The Felsenmeer (German for Sea of Rocks) is probably the best-known spot for hiking in the Odenwald. It is located directly at the Nibelungensteig, a well-known long-distance hiking trail over 130 kilometers, and offers you an insight into the history of the earth, the history of the last 2000 years, and the world of legends and myths. Sore muscles are guaranteed, making the day trip perfect.

You can either walk up once and then walk back the same way, or you can take the hiking trails around the sea of rocks for one stretch. You can plan about 1.5 hours for the hike one way.

Wandern im Odenwald: Das Felsenmeer in Lautertal im Odenwald

This is my blog post with a detailed description of the hike: The Felsenmeer – The Sea of Rocks in the Odenwald.

 

The Himbächel-Viadukt

The Himbächel-Viadukt is a 250-meter-long stone arch bridge in Oberzent-Hetzbach, which was inaugurated in 1882 and is still in use today. So you can watch the Odenwaldbahn ride along here once an hour. Around the viaduct, there is a beautiful hiking trail. This leads on a short detour through Hetzbach and then, after an underpass, under the tracks. On the other side, you are almost in the field. Following a footpath, you then walk in an arc away from the viaduct and then towards it. Depending on your speed, it will take you about 1.5 hours to complete the loop.

Wandern im Odenwald: Das Himbächel-Viadukt

 

The Marbach-Stausee

Although the Marbach reservoir was built at the beginning of the 1980s to protect against flooding, it has also been officially used as a local recreation area since 1986. It is the largest still water of the Odenwald. A hydroelectric power station with a capacity of 80 kW was attached to the reservoir.

A hiking trail has been created around the reservoir. You can plan about one hour for the tour itself. But the lake offers even more: It is suitable for swimming and from May to September there are even lifeguards. Outside this time, you can go swimming at your own risk. In the bathing area, there is also a lawn with tables and benches. There is also a bird sanctuary and an area where you can surf and sail.

Wandern im Odenwald: Barbara im Sonnenuntergang am Marbach-Stausee

 

The Margarethenschlucht

And now we’re taking a trip to Thailand… Oh, no, wait! We’re in the Odenwald. In this place, you can easily forget where you are.

In the 300-meter long Margarethen Gorge, the highest waterfall of the Odenwald is waiting for you. Here the waterfall plunges ten meters into the depth. But it’s not only the waterfall, the Margarethenschlucht itself is also worth the tour: the rough and exotic surroundings give the impression as if you had been beamed to another country. The hike takes about 2.5 hours, depending on how many photos you take.

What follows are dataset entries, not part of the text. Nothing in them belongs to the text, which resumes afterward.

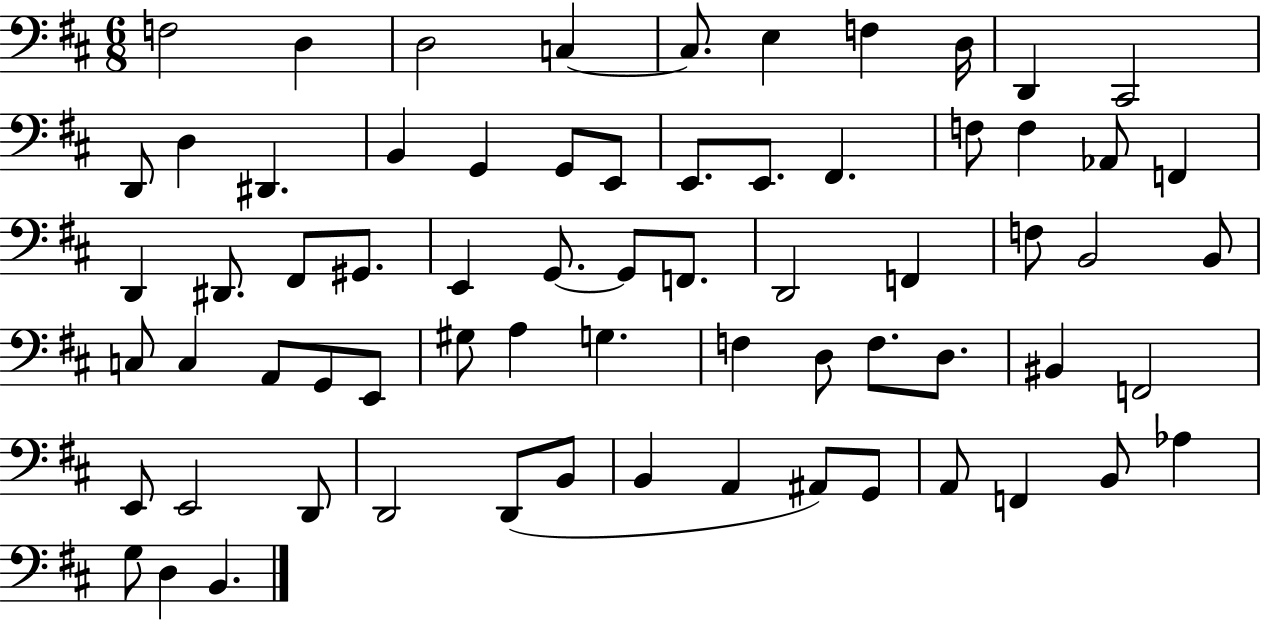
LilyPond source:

{
  \clef bass
  \numericTimeSignature
  \time 6/8
  \key d \major
  f2 d4 | d2 c4~~ | c8. e4 f4 d16 | d,4 cis,2 | \break d,8 d4 dis,4. | b,4 g,4 g,8 e,8 | e,8. e,8. fis,4. | f8 f4 aes,8 f,4 | \break d,4 dis,8. fis,8 gis,8. | e,4 g,8.~~ g,8 f,8. | d,2 f,4 | f8 b,2 b,8 | \break c8 c4 a,8 g,8 e,8 | gis8 a4 g4. | f4 d8 f8. d8. | bis,4 f,2 | \break e,8 e,2 d,8 | d,2 d,8( b,8 | b,4 a,4 ais,8) g,8 | a,8 f,4 b,8 aes4 | \break g8 d4 b,4. | \bar "|."
}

Wandern im Odenwald: Der 10 Meter hohe Wasserfall in der Margarethenschlucht

 

The Obrunnschlucht

Situated between Höchst in the Odenwald and Rimhorn, the Obrunn Gorge is home to a hiking and fairy-tale trail that has been attracting hikers from the surrounding area and even from the Rhine-Main region for many decades. The gorge is about three kilometers long and lies up to 17 meters below the road that runs parallel to the hiking trail. You have to cross the peacefully rippling stream several times over wooden bridges. Along the way and on small islands in the course of the stream, miniature models have been lovingly built, depicting figures and buildings from the world of legends and fairytales.

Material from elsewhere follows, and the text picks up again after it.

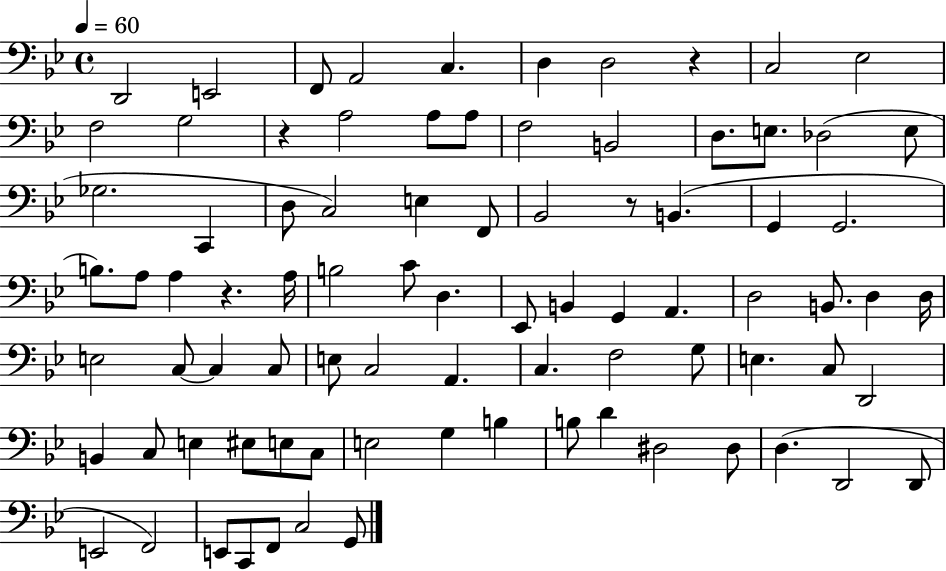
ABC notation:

Die Obrunnschlucht – Märchenweg und Wanderpfad im Odenwald

 

The Meditationsweg

The Meditationsweg (German for Meditation Trail) runs for five kilometers between the Michelstadt districts of Steinbach and Rehbach. Along the way, there are ten stations where the verses of St. Francis’ Canticle of the Sun are presented. The path invites us to reflect. Awe and gratitude are in the focus. The Einhards Basilica, where the walk begins, is a great photo spot and worth a detour.

 

The Hubenweg

Follow in the footsteps of the Romans at the Odenwaldlimes on the 17-kilometer long Hubenweg loop. It runs on the high plateau of Michelstadt-Würzberg and therefore has hardly any ascending slopes. The loop leads over fields, along the forest, and through woodland. A Roman fort is on the way as well as the ruins of a bath from Roman times.

 

The Weg der Kristalle (Path of Crystals)

This geological theme trail is located on the Katzenbuckel – with 626 meters the highest mountain in the Odenwald. The hike is easy and only two kilometers long. Therefore it is also well suited to experience it with the whole family. The observation tower with a fantastic view is the highlight of the tour.

 

The Römerweg (Path of Romans)

The Römerweg in Miltenberg is a medium-difficult hiking trail with a length of 17 kilometers. It runs for a large part along a Celtic ring wall on which the Romans had built a temple of Mercury. Unfortunately, you can only see the remains in the museum. Otherwise, the two highlights of the tour are the viewpoints. One is right at the beginning of the trail after you have left the main road of Miltenberg. The other one is the Haagsausicht after some three-quarters of the way. Both times you have a fantastic view of the Main valley.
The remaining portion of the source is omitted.